You want to be the best real estate agent out there. In order to compete with other agents in your area, you decide to use machine learning. You are going to use various statistical analysis tools to build the best model to predict the value of a given house. Your task is to find the best price your client can sell their house at. The best guess from a model is one that best generalizes the data.
For this assignment your client has a house with the following feature set: [11.95, 0.00, 18.100, 0, 0.6590, 5.6090, 90.00, 1.385, 24, 680.0, 20.20, 332.09, 12.13]. To get started, use the example scikit implementation. You will have to modify the code slightly to get the file up and running.
Loading the dataset:
from sklearn import datasets
city_data = datasets.load_boston()
# Get the labels and features from the housing data
housing_prices = city_data.target
housing_features = city_data.data
Let us know begin with the exploration of data using numpy
- Number of data points (houses)?
number_of_houses = housing_features.shape[0]

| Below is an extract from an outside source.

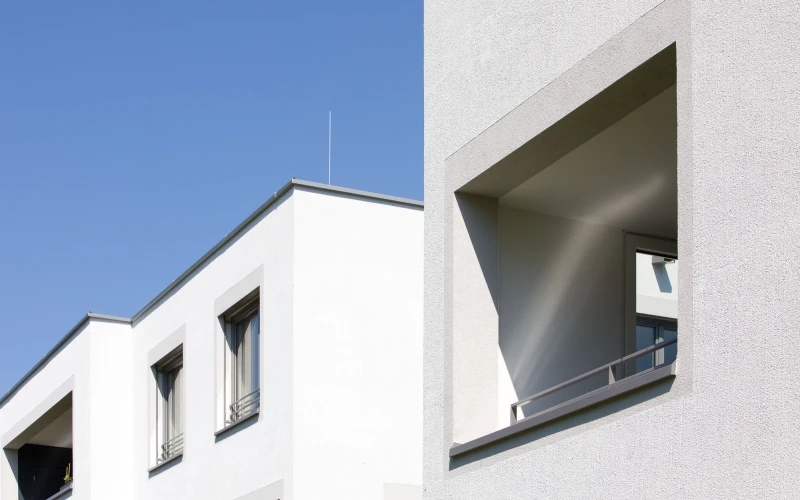 Wolfurt - Klöpplergasse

print "number of houses:",number_of_houses
number of houses: 506
- Number of features?
number_of_features = housing_features.shape[1]
print "number of features:",number_of_features
number of features: 13
- Minimum and maximum housing prices?
max_price = np.max(housing_prices)
min_price = np.min(housing_prices)
print "max price of house:",max_price
print "min price of house:",min_price
max price of house: 50.0 min price of house: 5.0
- Mean and median Boston housing prices?
mean_price = np.mean(housing_prices)
median_price = np.median(housing_prices)
print "mean price of house:",mean_price
print "median price of house:",median_price
mean price of house: 22.5328063241 median price of house: 21.2
- Standard deviation?
standard_deviation = np.std(housing_prices)

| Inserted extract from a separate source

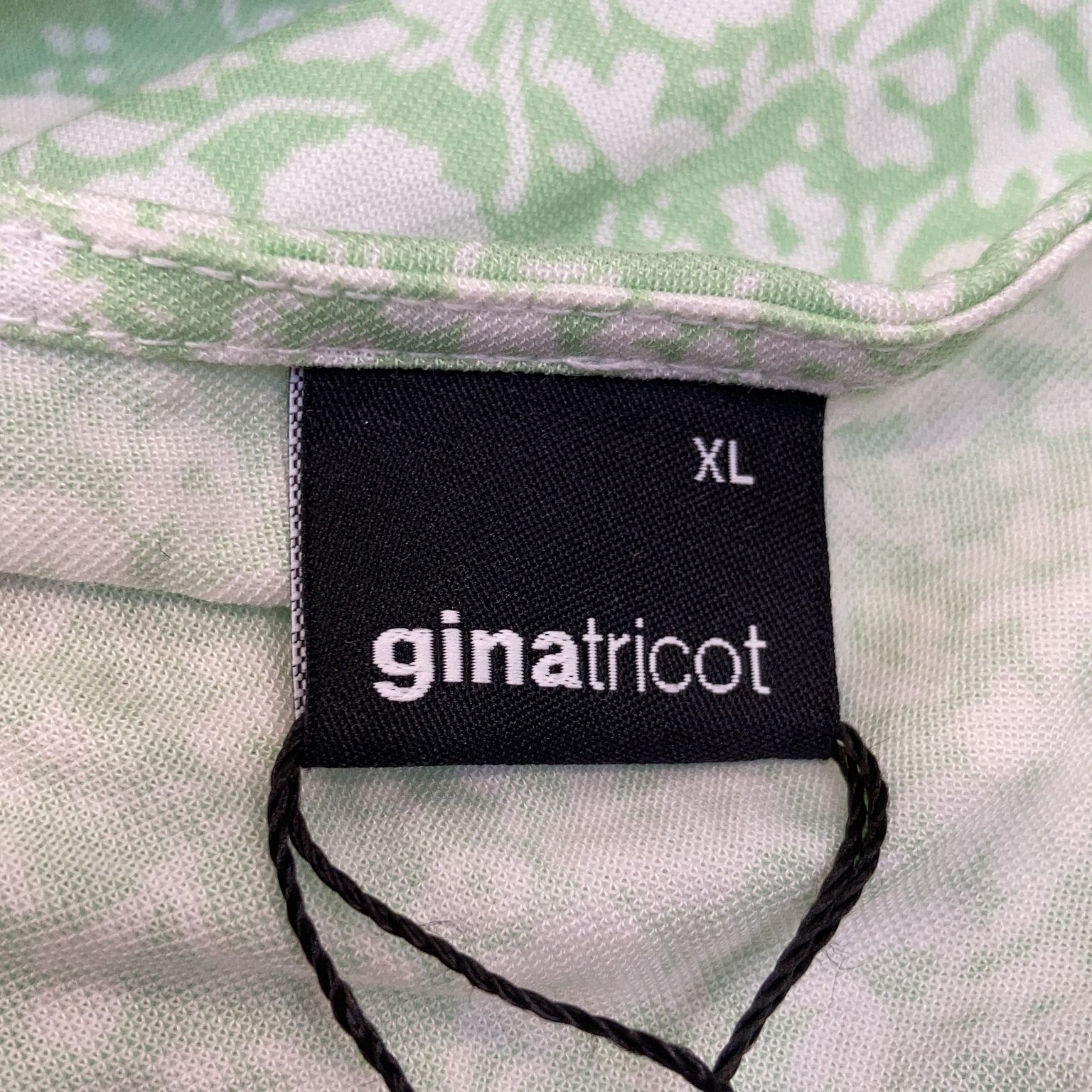 Gina Tricot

print "standard deviation for prices of house:",standard_deviation
standard deviation for prices of house: 9.18801154528
- Which measure of model performance is best to use for predicting Boston housing data and analyzing the errors? Why do you think this measurement most appropriate? Why might the other measurements not be appropriate here?

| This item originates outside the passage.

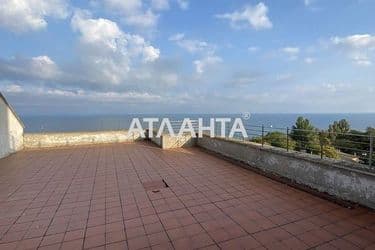 Многокомнатная квартира по адресу Дунаева пер. (площадь 255 м²) - Atlanta.ua - фото 26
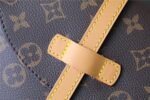 Louis Vuitton Chantilly MM Shoulder Bag Monogram Brown 24cm/9.4in M51233 - Image 5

In my previous iteration of the work I used r^2 but as the project demands a measure if the error, I believe using the mean squarred error would give us the best solution. The reason being MSE emphasises large error unlike absolute mean or median error. This is what is seen as ideal by most statisticians. However, another important aspect to see in the case of this project would be the measur that minimises the error the most. Therefore just the thought is not enough and we would need to see some kind of graphical proof for this.
Mean Absolute Error | Mean Squarred Error | Median Absolute Error |
---|---|---|
- Why is it important to split the Boston housing data into training and testing data? What happens if you do not do this?
One of the biggest problems that could occur is overfitting or underfitting. If we were to not split the dataset, it would imply that we have used all our data for training and there is a high chance that our algorithm becomes tailor made to the given dataset. Thus, there could be a huge dip in the performance of the algorihtm on the test dataset.
Some of the advantages that splitting the dataset gives us are as follows:
- It allows us to check if we have undefit or overfit the data.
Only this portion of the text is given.